[Indian Unrest by Valentine Chirol]@TWC D-Link book
Indian Unrest

CHAPTER XVIII
16/19

The last quinquennial report issued by Mr.
Orange, the able Director-General of Public Education, who is now leaving India, contains a terse but very significant passage.

"Speaking generally," he writes, "it may be said that the qualifications and the pay of the teachers in secondary schools are below any standard that could be thought reasonable; and the inquiries which are now being made into the subject have revealed a state of things that is scandalous in Bengal and Eastern Bengal, and is unsatisfactory in every province." Very little information is forthcoming as to the actual qualifications or pay of the teachers.

It appears, however, from the inspection of high schools by the Calcutta University that out of one group of 3,054 teachers over 2,100 receive salaries of less than 30 rupees (L2) a month.

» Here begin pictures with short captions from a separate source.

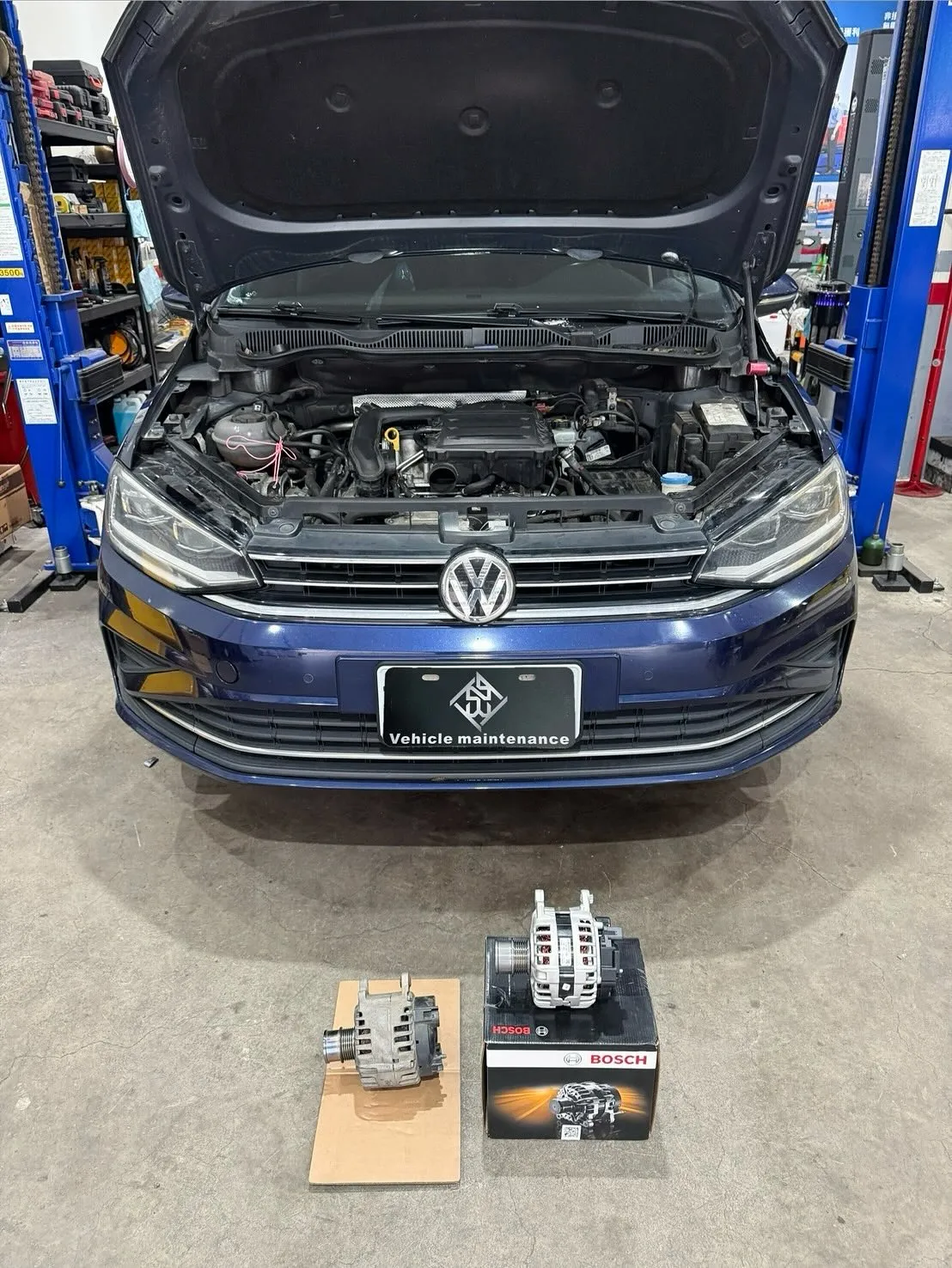 Volkswagen Golf SPORTSVAN儀表板亮電瓶故障燈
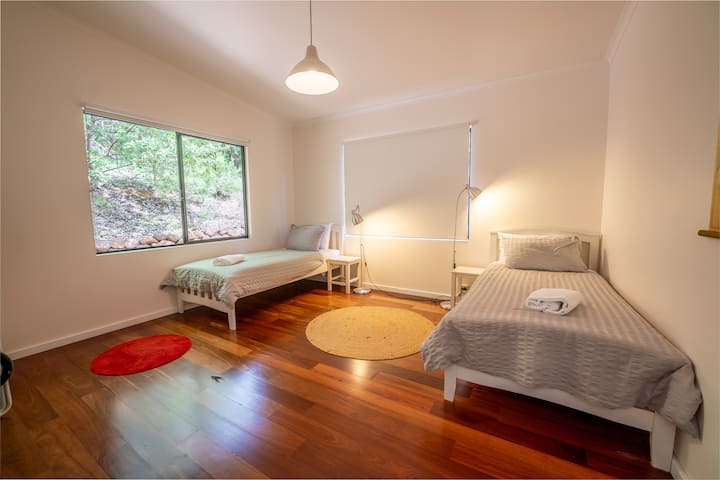 საძინებელი 2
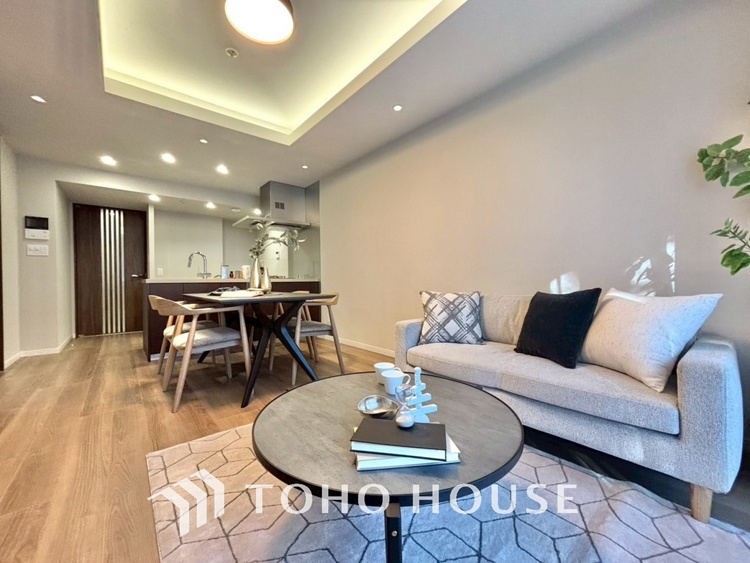 内装 ◆サンサンと◆差し込む太陽の光がこのリビングに笑いをもたらす。ソファの上のクッションがポカポカした暖気にぬくぬくと微睡んでいる。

One cannot, therefore, be surprised to hear that in Bengal "only men of poor attainments adopt the profession, and the few who are well qualified only take up work in schools as a stepping-stone to some more remunerative career." That career is frequently found in the Press, where the disgruntled ex-schoolmaster adds his quota of gall to the literature of disaffection.

But he is still more dangerous when he remains a schoolmaster and uses his position to teach disaffection to his pupils either by precept or by example.
I have already alluded to the unfortunate effect of the recommendations of the Public Service Commission of 1886-7 on the native side of the Education Service.